▶ _WHAT IS EXPECTED_:
Within the listing that follows, reproduce exactly the lines starting at the line with "Light transparent white" and ending at the line with "Assortment of homemade", inclusive, and only those. Pictures are dropped.

▶ _SOURCE RECORDS_:
↓↓↓

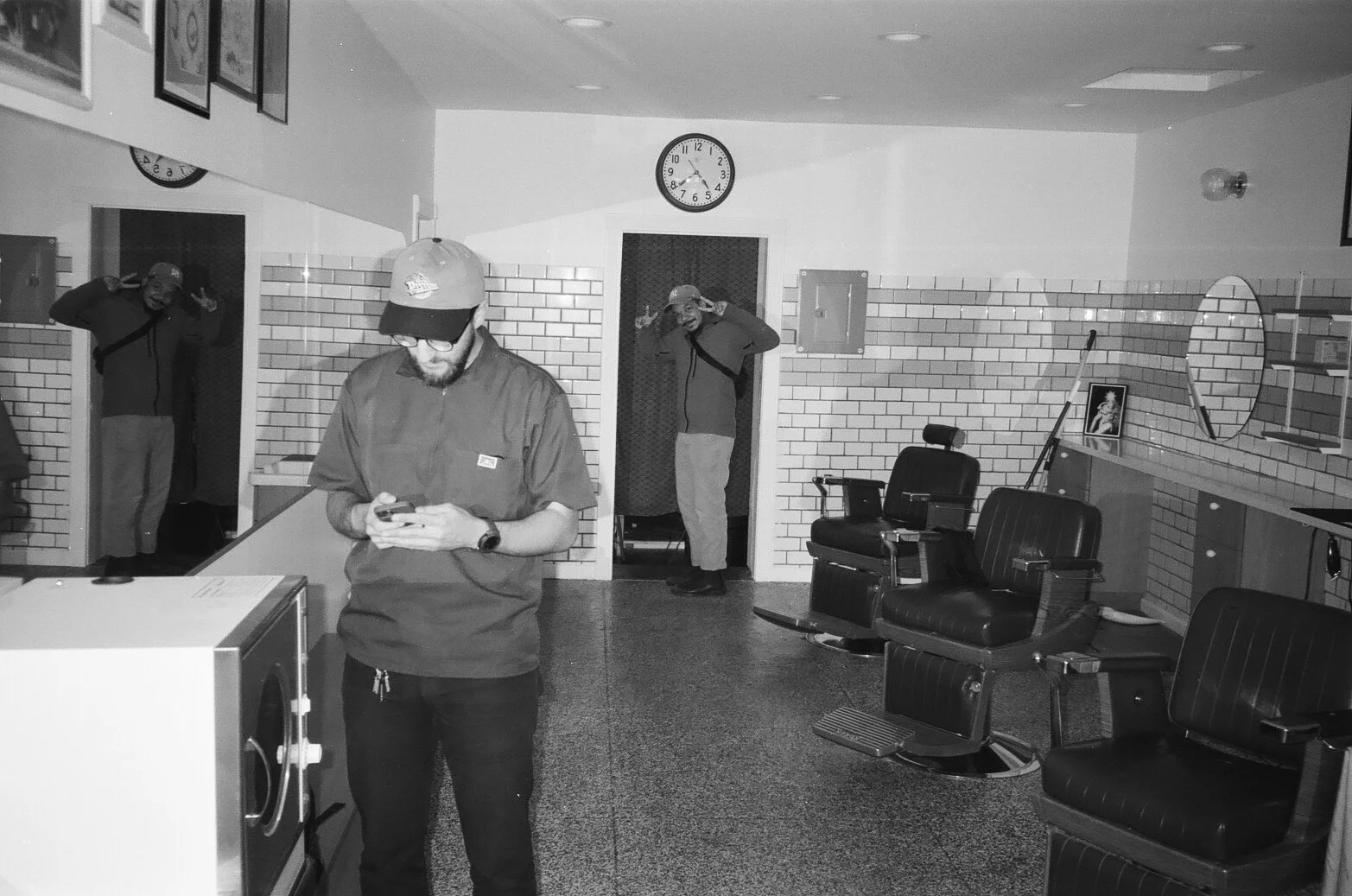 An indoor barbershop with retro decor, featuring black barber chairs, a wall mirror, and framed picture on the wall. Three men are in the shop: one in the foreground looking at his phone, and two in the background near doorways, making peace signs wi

↑↑↑
↓↓↓

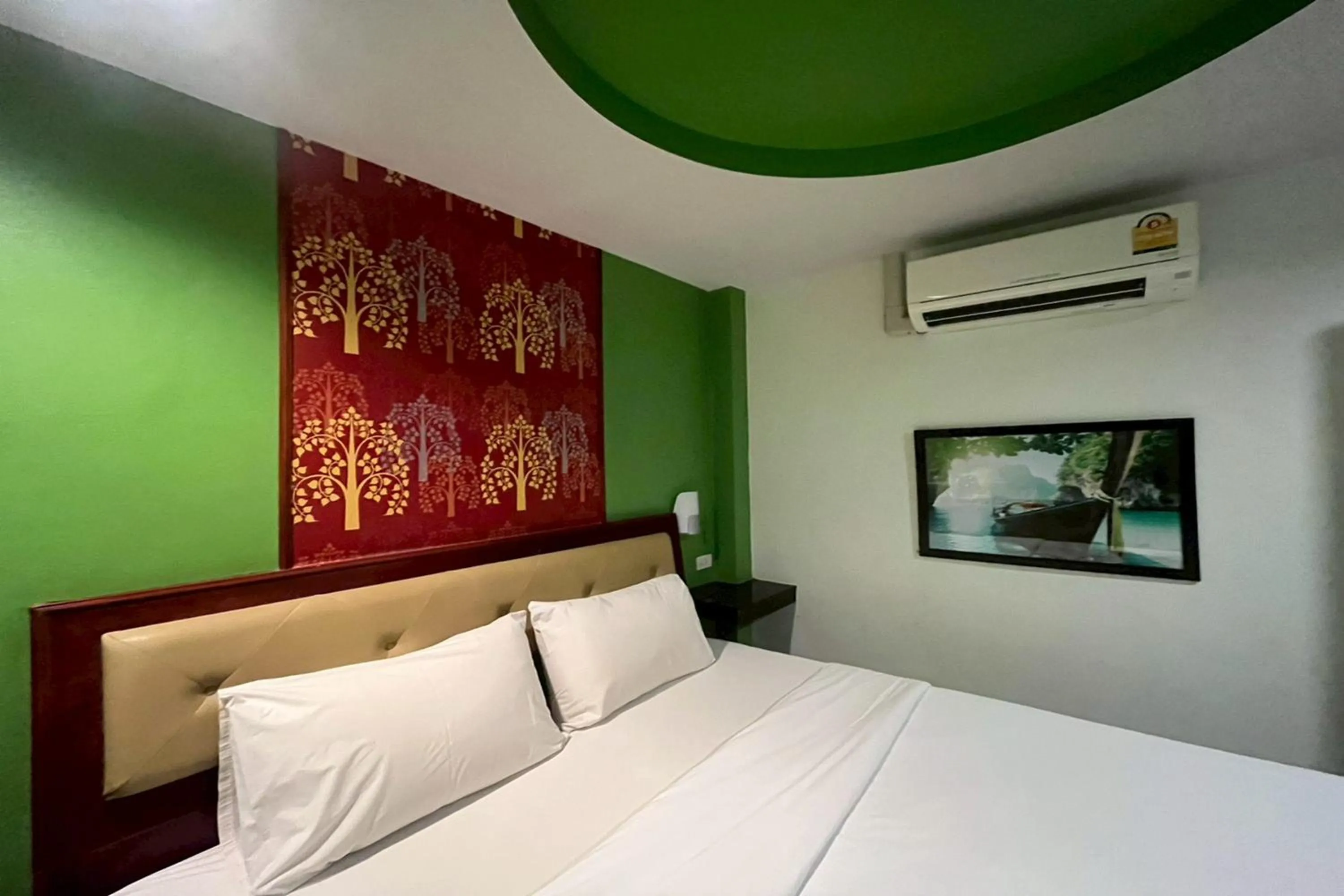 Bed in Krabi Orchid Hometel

↑↑↑
↓↓↓

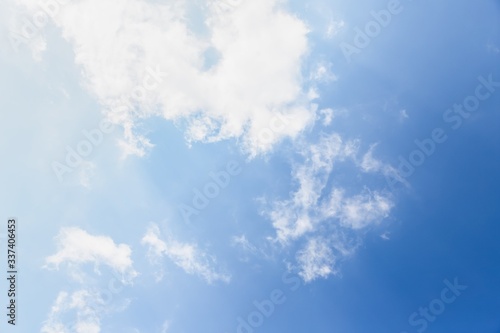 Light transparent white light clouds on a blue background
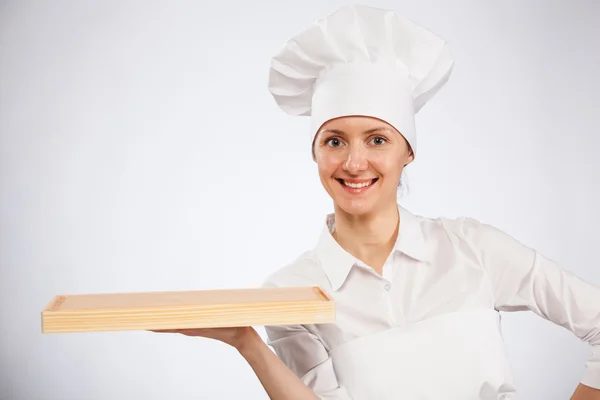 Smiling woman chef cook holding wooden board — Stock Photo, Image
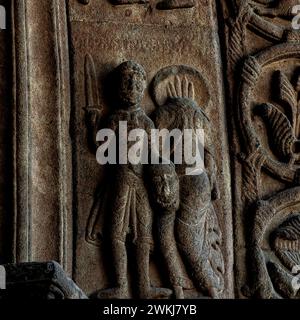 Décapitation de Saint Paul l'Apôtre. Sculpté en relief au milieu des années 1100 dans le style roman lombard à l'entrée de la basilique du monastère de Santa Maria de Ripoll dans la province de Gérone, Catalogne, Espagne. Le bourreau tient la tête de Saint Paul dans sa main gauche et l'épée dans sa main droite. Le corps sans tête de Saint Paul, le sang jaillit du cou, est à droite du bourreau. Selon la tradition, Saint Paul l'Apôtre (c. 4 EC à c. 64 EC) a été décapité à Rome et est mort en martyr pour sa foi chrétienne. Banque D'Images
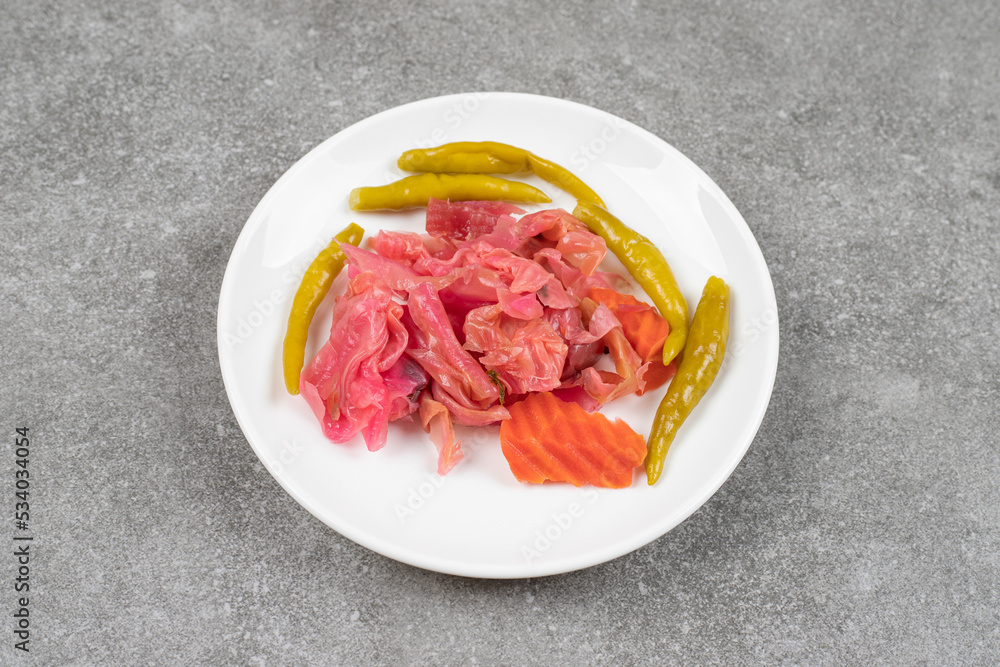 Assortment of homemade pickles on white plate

↑↑↑

▶ _RESULT OF THE EXERCISE_:
 Light transparent white light clouds on a blue background
 Smiling woman chef cook holding wooden board — Stock Photo, Image
 Décapitation de Saint Paul l'Apôtre. Sculpté en relief au milieu des années 1100 dans le style roman lombard à l'entrée de la basilique du monastère de Santa Maria de Ripoll dans la province de Gérone, Catalogne, Espagne. Le bourreau tient la tête de Saint Paul dans sa main gauche et l'épée dans sa main droite. Le corps sans tête de Saint Paul, le sang jaillit du cou, est à droite du bourreau. Selon la tradition, Saint Paul l'Apôtre (c. 4 EC à c. 64 EC) a été décapité à Rome et est mort en martyr pour sa foi chrétienne. Banque D'Images
 Assortment of homemade pickles on white plate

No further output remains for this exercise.